- IOC code: ISL
- NOC: Olympic Committee of Iceland

in Albertville
- Competitors: 5 (4 men, 1 woman) in 2 sports
- Flag bearer: Ásta Halldórsdóttir (alpine skiing)
- Medals: Gold 0 Silver 0 Bronze 0 Total 0

Winter Olympics appearances (overview)
- 1948; 1952; 1956; 1960; 1964; 1968; 1972; 1976; 1980; 1984; 1988; 1992; 1994; 1998; 2002; 2006; 2010; 2014; 2018; 2022; 2026;

= Iceland at the 1992 Winter Olympics =

Iceland competed at the 1992 Winter Olympics in Albertville, France. Out of 5 participants, no medals were won.

==Competitors==
The following is the list of number of competitors in the Games.

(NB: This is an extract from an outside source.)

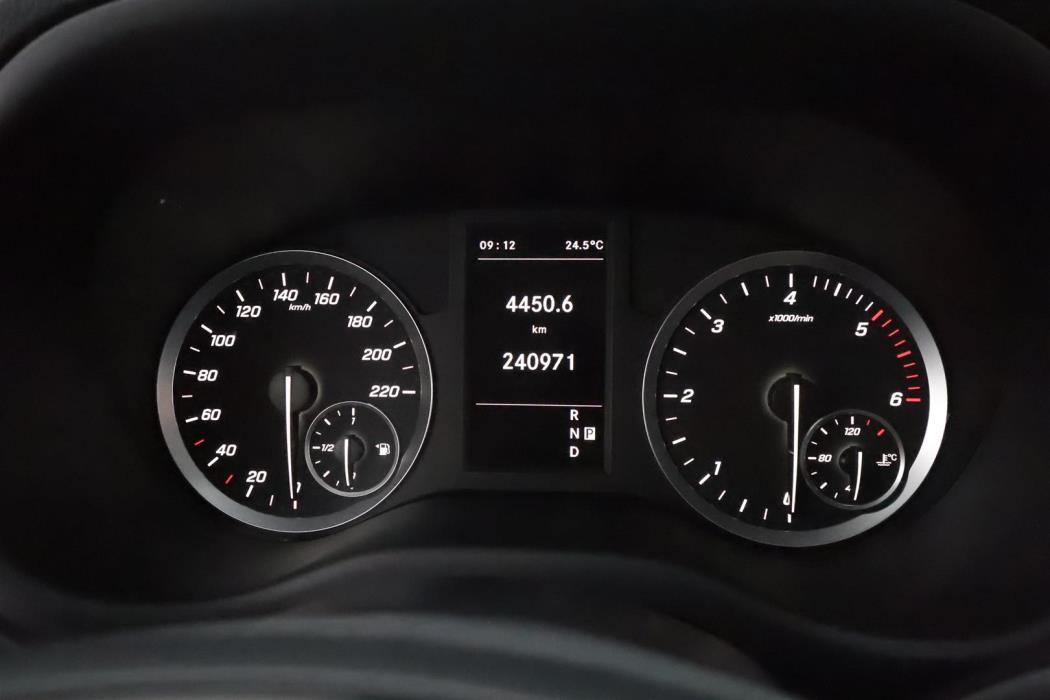 Mercedes-Benz Vito 2023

| Sport | Men | Women | Total |
|---|---|---|---|
| Alpine skiing | 2 | 1 | 3 |
| Cross-country skiing | 2 | 0 | 2 |
| Total | 4 | 1 | 5 |

==Alpine skiing==

- Men

| Athlete | Event | Race 1 | Race 2 | Total |  |
| Time | Time | Time | Rank |
| Örnólfur Valdimarsson | Super-G |  |  | 1:20.64 | 51 |
| Kristinn Björnsson |  |  | 1:17.89 | 43 |
| Kristinn Björnsson | Giant Slalom | DNF | – | DNF | – |
| Örnólfur Valdimarsson | 1:13.88 | 1:11.14 | 2:25.02 | 44 |
| Kristinn Björnsson | Slalom | DNF | – | DNF | – |
| Örnólfur Valdimarsson | 58.12 | 58.36 | 1:56.48 | 35 |

- Women

| Athlete | Event | Race 1 | Race 2 | Total |  |
| Time | Time | Time | Rank |
| Ásta Halldórsdóttir | Giant Slalom | 1:14.55 | 1:15.48 | 2:30.03 | 30 |
| Ásta Halldórsdóttir | Slalom | 53.56 | 49.18 | 1:42.74 | 27 |

==Cross-country skiing==

- Men

| Event | Athlete | Race |  |
| Time | Rank |
| 10 km C | Haukur Eiríksson | 34:52.6 | 81 |
| Rögnvaldur Ingþórsson | 32:04.6 | 59 |
| 15 km pursuit^{1} F | Haukur Eiríksson | 53:40.3 | 80 |
| Rögnvaldur Ingþórsson | 47:48.8 | 66 |
| 30 km C | Haukur Eiríksson | DNF | – |
| Rögnvaldur Ingþórsson | 1'39:23.9 | 69 |
| 50 km F | Rögnvaldur Ingþórsson | 2'25:16.9 | 54 |

^{1} Starting delay based on 10 km results.